Quando o apelido ou o jeito de se chamar é pouco elogioso e carregado de intimidade, pode esquecer o romance: nenhum casal vai pra frente se um chamar o outro de “cabeção”, “doidera” ou “seu lixo” com mais frequência do que se chamam de “gatinho/a”. Desculpa, não dá. Nessas, já dá pra perceber que a coisa é muito mais uma amizade do que uma relação amorosa/afetiva/algo-do-tipo.
(Em tempo: “gatinho/a” é super bacana, mistura o carinho e a ternura do diminutivo com as intenções sexuais do “gato/a”, o que me parece ser a fórmula mágica pruma relação dar certo.)
A coisa vai pro saco mesmo quando, em mensagens eletrônicas ou em torpedos no celular, a alcunha já é dispensada e as palavras escolhidas não mostram um pingo de cuidado - a mensagem é rápida e rasteira, dispensando rebuscamentos literários. Convidar alguém pruma “breja”, dizer pra esse alguém “colar aí”, ou finalizar a frase com remendos do tipo “sacou”, já demonstram bem o grau de cuidado e de esforço que o rapazote está fazendo pela “gata” – a mensagem é clara, ele quer que você faça um delivery pra ele te embebedar e te traçar inteira (sem certeza de ligação no dia seguinte ou de prolongar a relação). Postura, meu bem!
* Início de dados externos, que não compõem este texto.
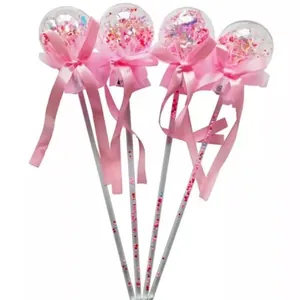Set di quattro bacchette magiche rosa con sfere di cristallo scintillanti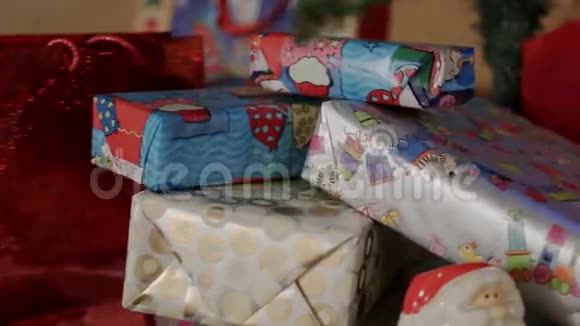 圣诞树上漂亮的圣诞礼物盒和新年玩具视频的预览图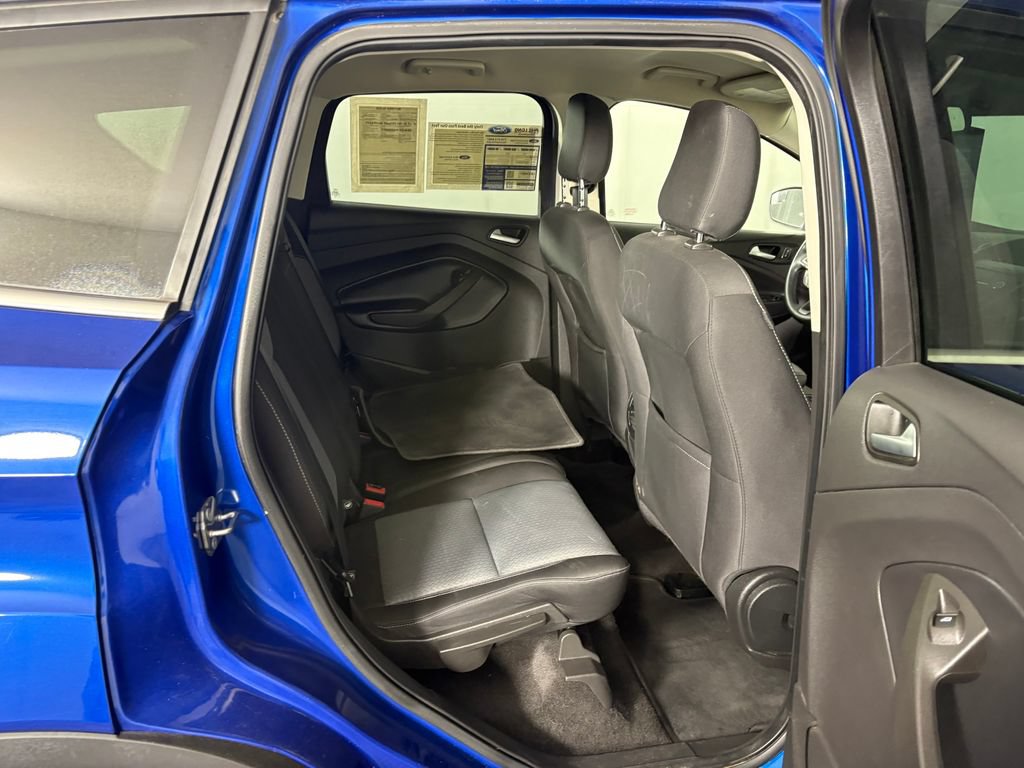 Certified 2018 Ford Escape SE AWD/4WD image 32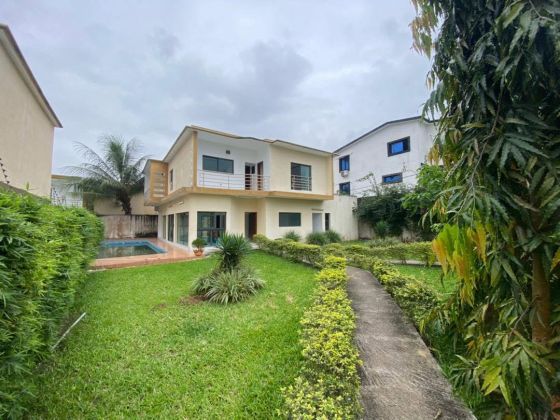 Riviera 4, hermosa villa dúplex de 6 habitaciones con piscina y ...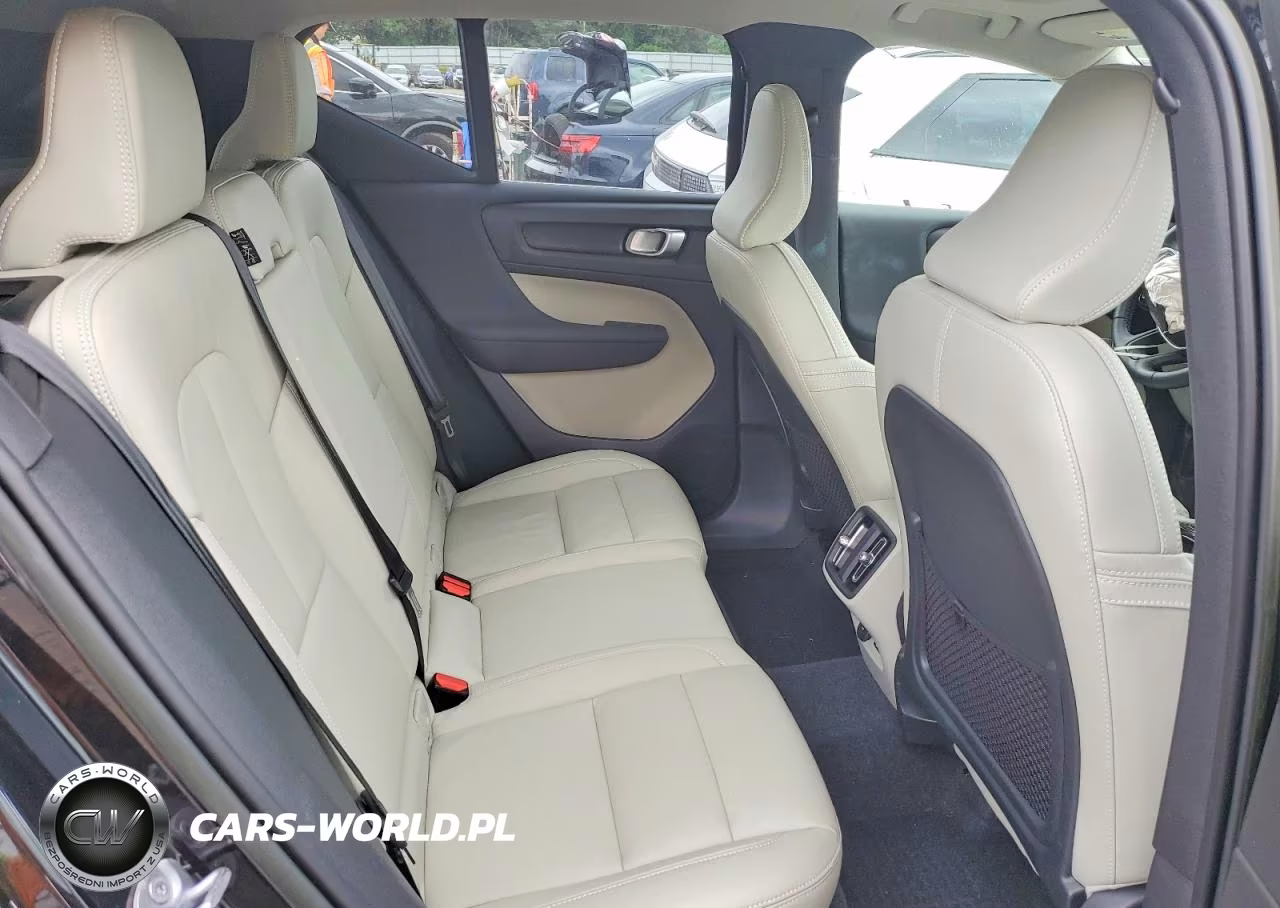 2023 Volvo Xc40 Plus VIN:YV4L12UN1P2943134 - 10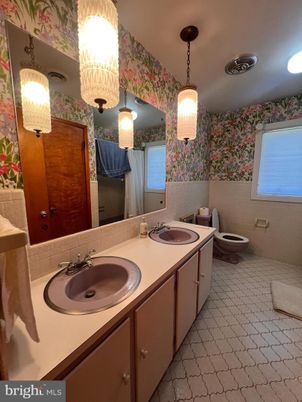 Bathroom, Dual Sink Vanities, Interior, Pendant Lights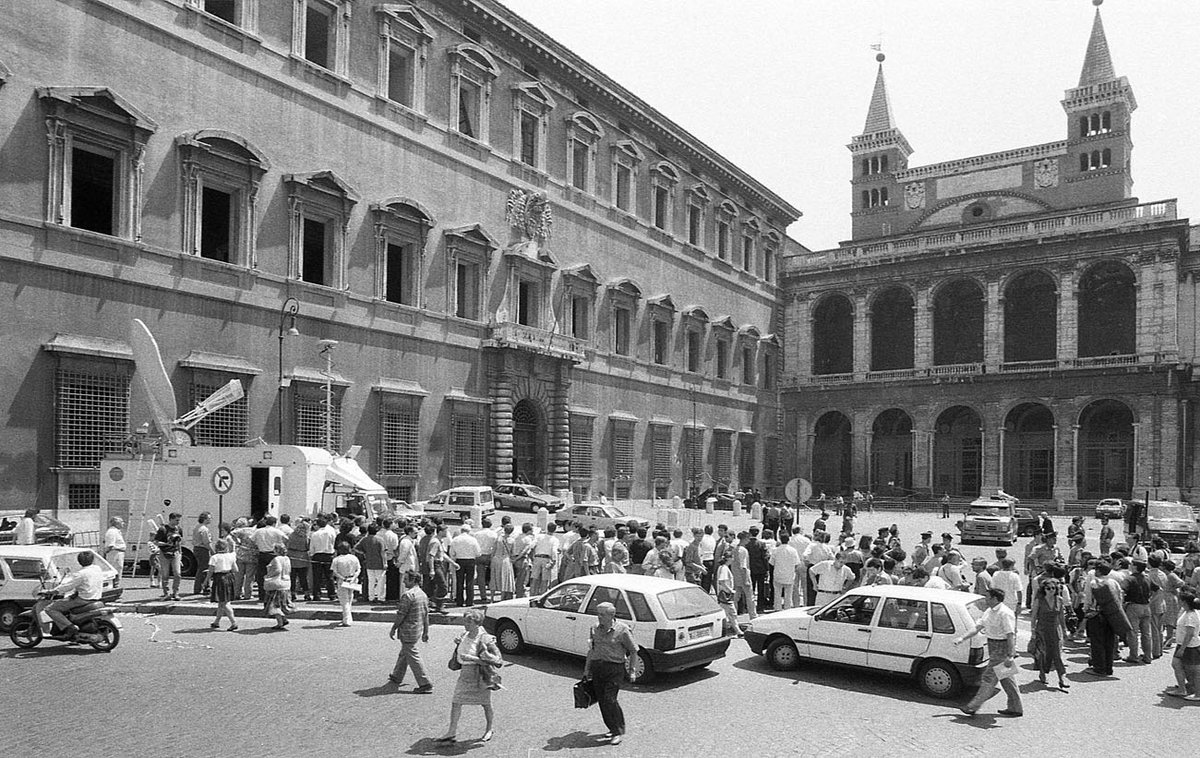 Otro coche bomba hizo explosión la noche del 28 de julio de 1993 el la plaza de San Giovanni in Laterano delante de la basílica y el Palacio de Letrán. 
Los daños fueron menores que en San Giorgio in velabro, aunque la explosión destrozó casi todas las ventanas del Palacio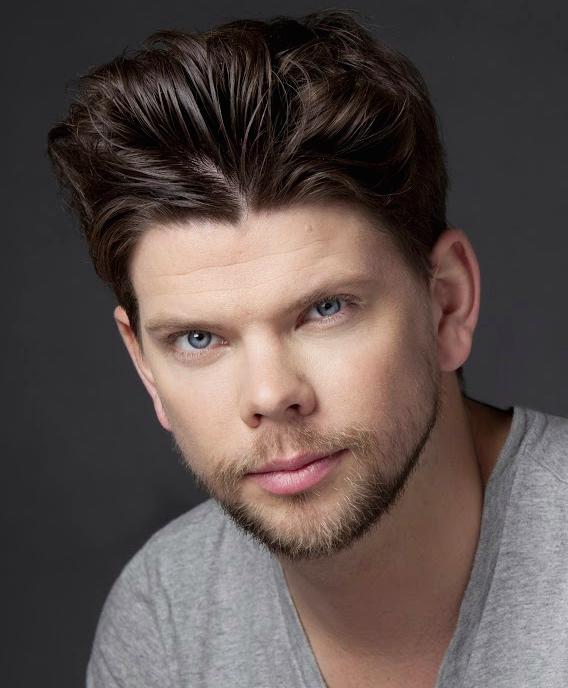 actor Andrew Chapman large photo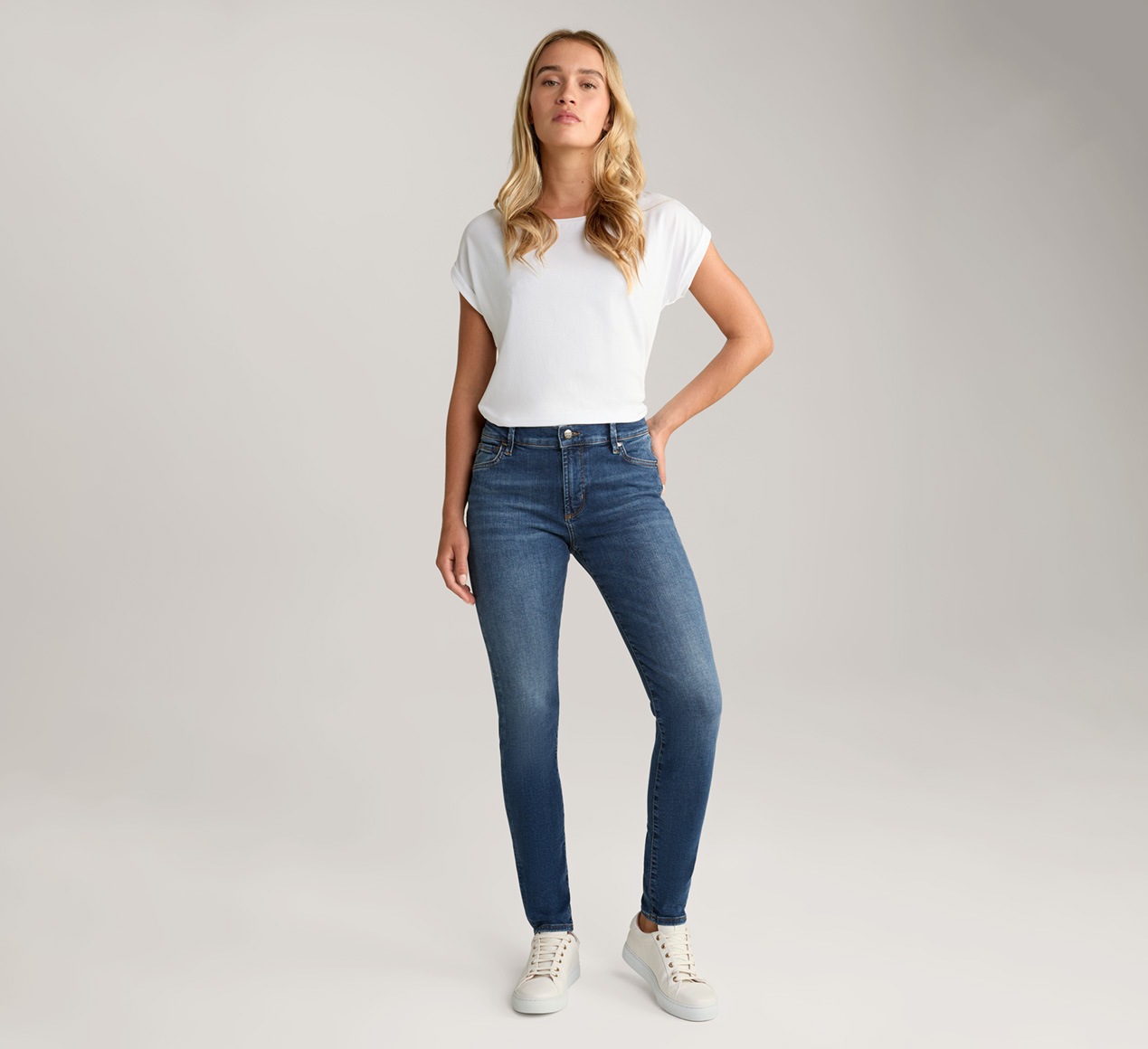 JOOP! präsentiert das Produkt Slim Jeans Sol, mittlerer Bund aus der Kategorie Jeans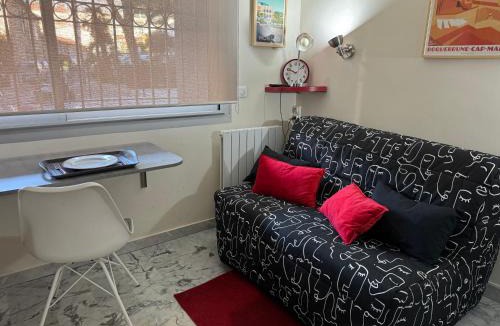Roquebrune-Cap-Martin Apartment | Joli STUDIO Bord de Mer entre Menton et Monaco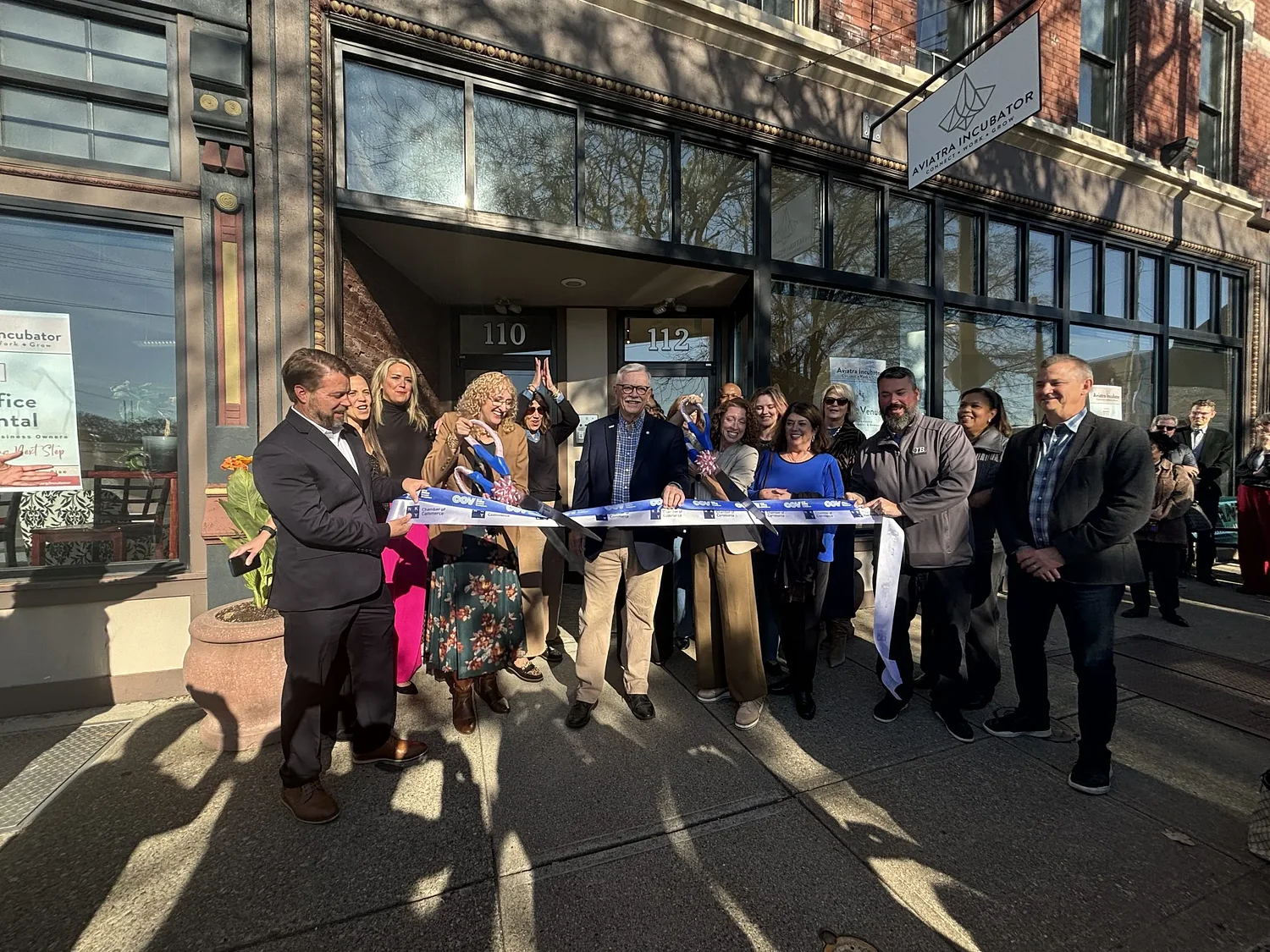 Aviatra Accelerators celebrates new entrepreneurial incubator in Covington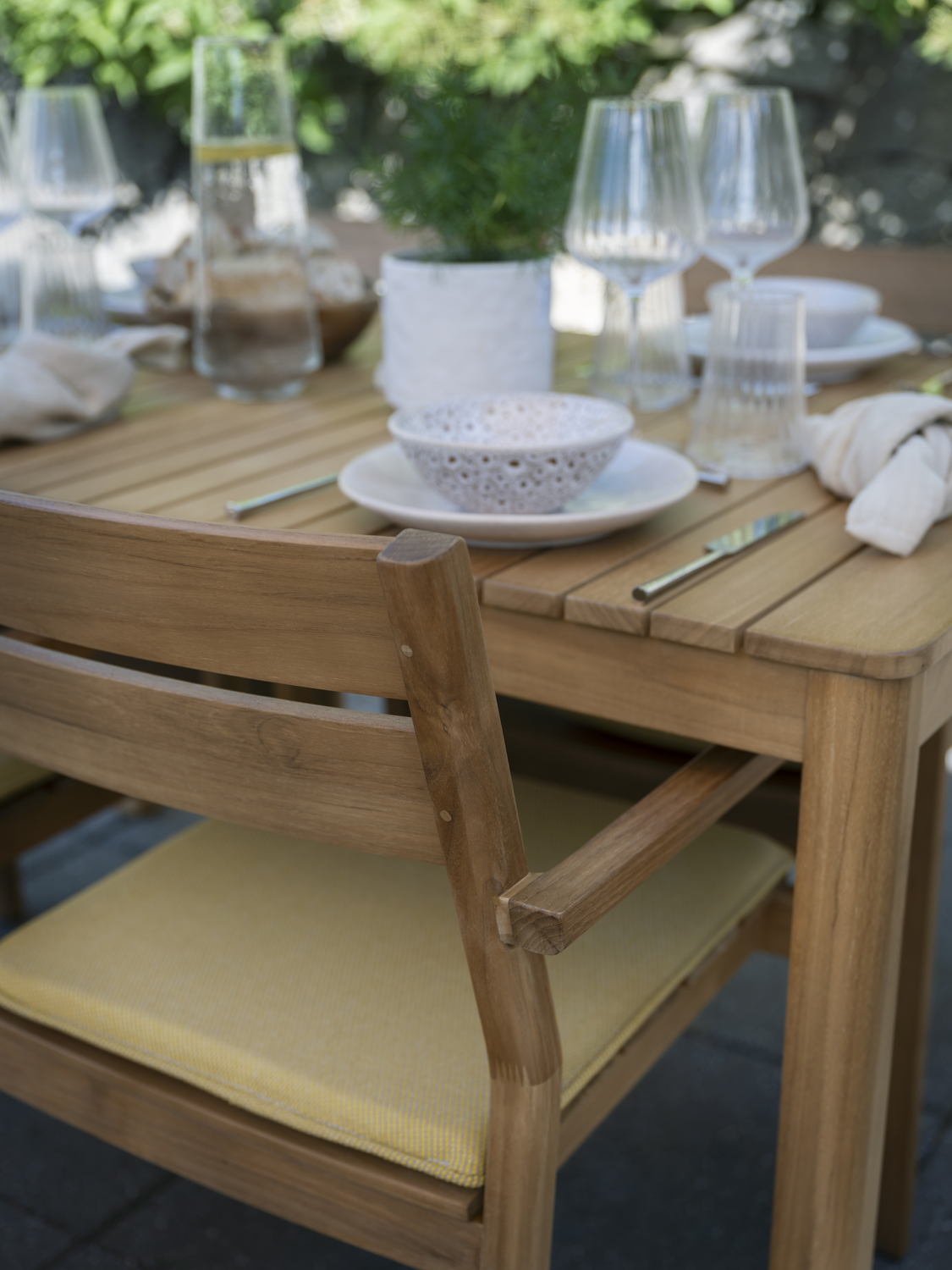Delia Teak Diningsessel Natur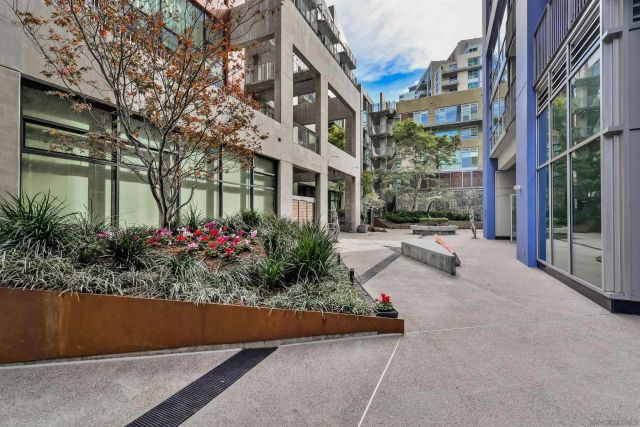 321 10th Ave. 2208, San Diego, CA 92101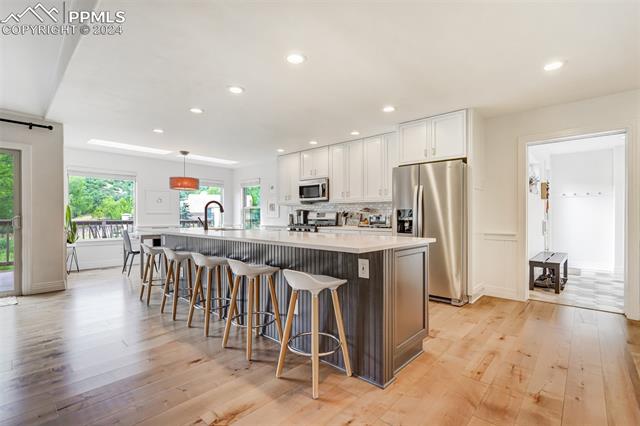 1825 Parkview Boulevard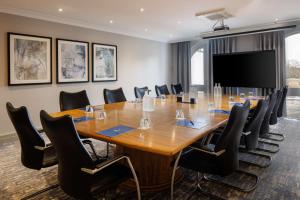 hilton cobham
Se você ainda curte galanteios, um cortejo bem-feito e não está afim de uma aventurinha qualquer, o melhor a fazer é nem responder a mensagem, ou responder de maneira que o “mano” em questão tenha vontade de “colar” o próprio membro sexual no próprio rabicó e sair rodando. Chamar ele de “Jôu” é uma ótima maneira de produzir este efeito.
A verdade é que a linguagem é um ótimo termômetro, e também denuncia muitas coisas que a gente ora pra Deus pra conseguir se antecipar. Quando uma mulher faz ao cara a célebre pergunta “O que você quer dizer com isso?”, é bem provável que ela esteja de TPM – fatalmente, lá vem bomba, e se o cara for inteligente e não quiser que a namorada durma de calça jeans, vai processar mentalmente todas as coisas que possam ter soado ofensivas e vai tratar de desdizer todas elas em, no máximo, 5 segundos.
Eu comecei esse texto falando sobre os aspectos positivos que todas as coisas possuem, e falando disso eu vou terminar – no caso da minha mensagem de texto, podem ficar tranquilos: não mandei o asshole colar o pau no rabo, mas foi ótimo ter percebido a tempo qual era a do ‘poeta’, o que me poupou tempo e dinheiro. Tendo a máxima consciência de que mereço ser chamada de princesa e ser levada para jantar em algum lugar bacanérrimo, eu assino embaixo daquele música do Vinícius: "... caiu no poço e quebrou a tigela, tantas fez o moço que foi pra panela.”